===== TASK INPUT =====

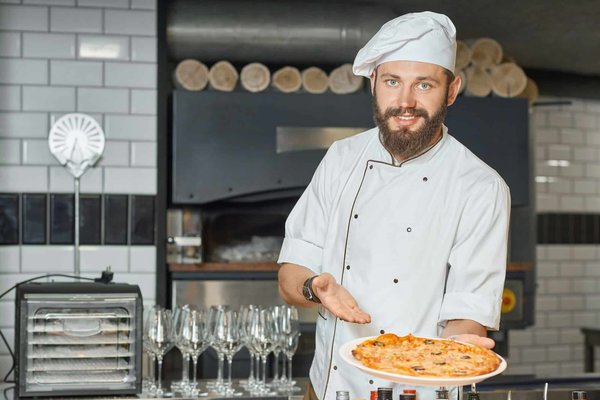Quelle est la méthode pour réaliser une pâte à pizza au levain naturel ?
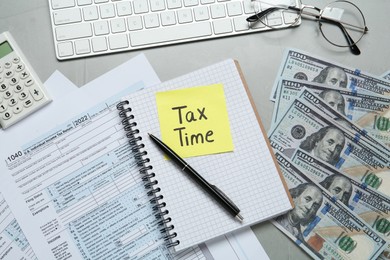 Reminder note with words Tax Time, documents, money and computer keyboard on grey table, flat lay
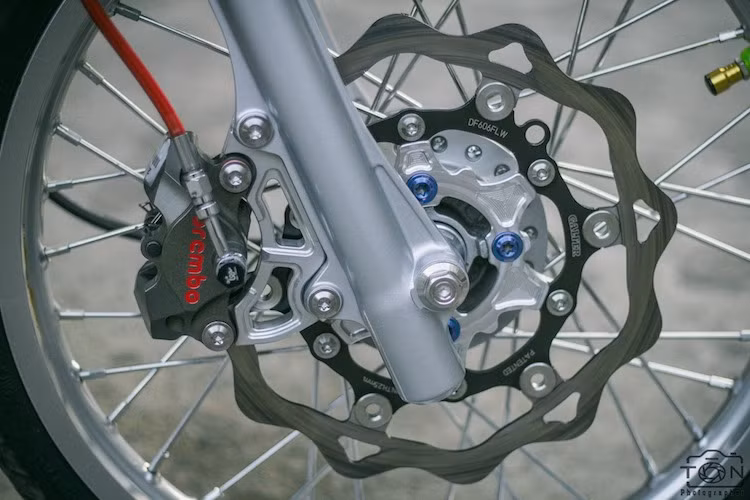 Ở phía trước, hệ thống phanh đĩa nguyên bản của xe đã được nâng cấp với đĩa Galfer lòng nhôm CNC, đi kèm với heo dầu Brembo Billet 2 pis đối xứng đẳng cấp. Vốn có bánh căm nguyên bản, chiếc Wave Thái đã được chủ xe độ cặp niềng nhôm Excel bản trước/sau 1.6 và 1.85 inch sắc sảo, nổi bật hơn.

=====
===== TASK INPUT =====

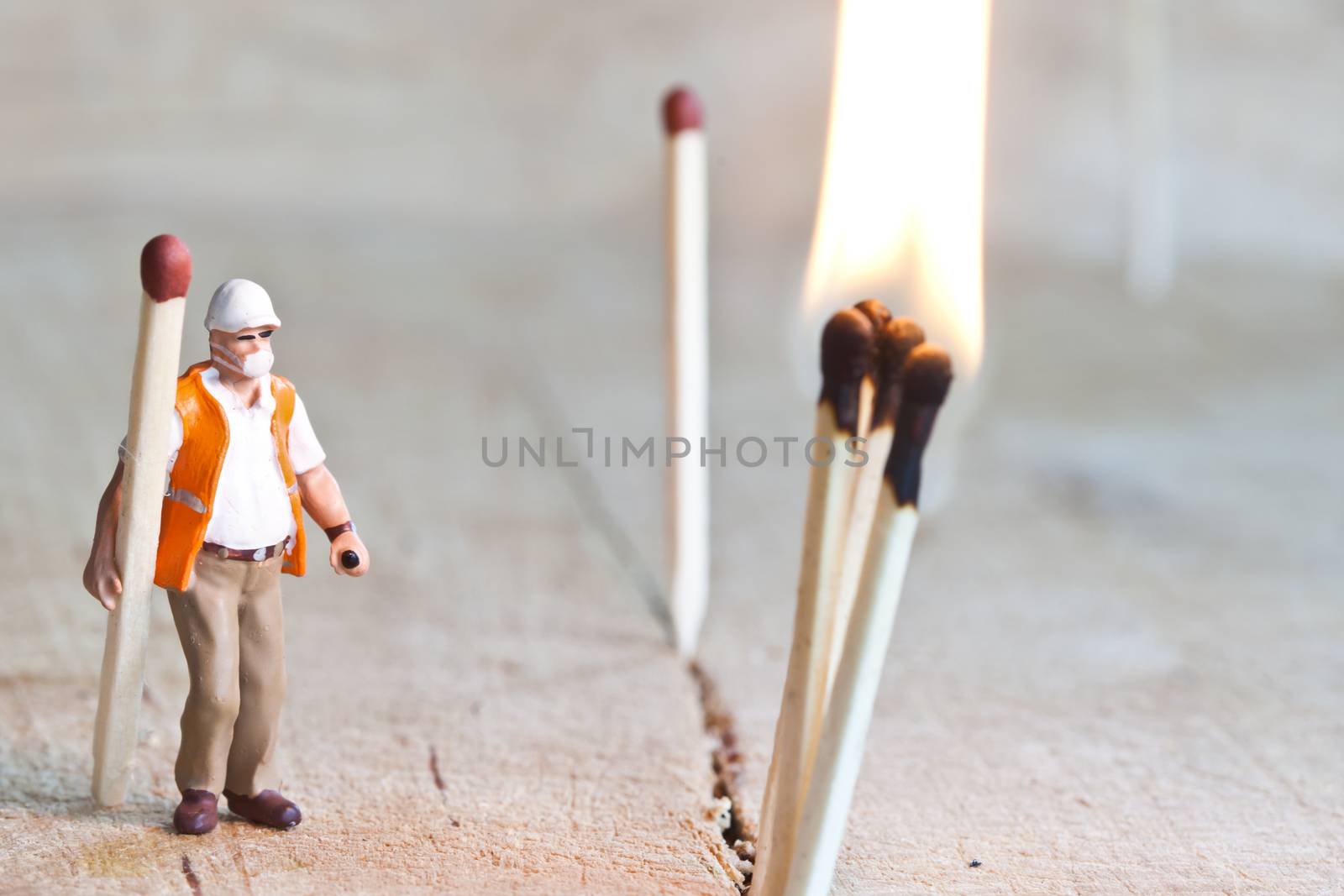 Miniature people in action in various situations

=====
===== TASK INPUT =====

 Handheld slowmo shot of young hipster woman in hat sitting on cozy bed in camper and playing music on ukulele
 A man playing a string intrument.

=====

WORK TO COMPLETE: I'd like the lines above repeated exactly, from the one that contains "Quelle est la" through the one that contains "Reminder note with", with no pictures.

OUTPUT OF THE TASK:
Quelle est la méthode pour réaliser une pâte à pizza au levain naturel ?
 Reminder note with words Tax Time, documents, money and computer keyboard on grey table, flat lay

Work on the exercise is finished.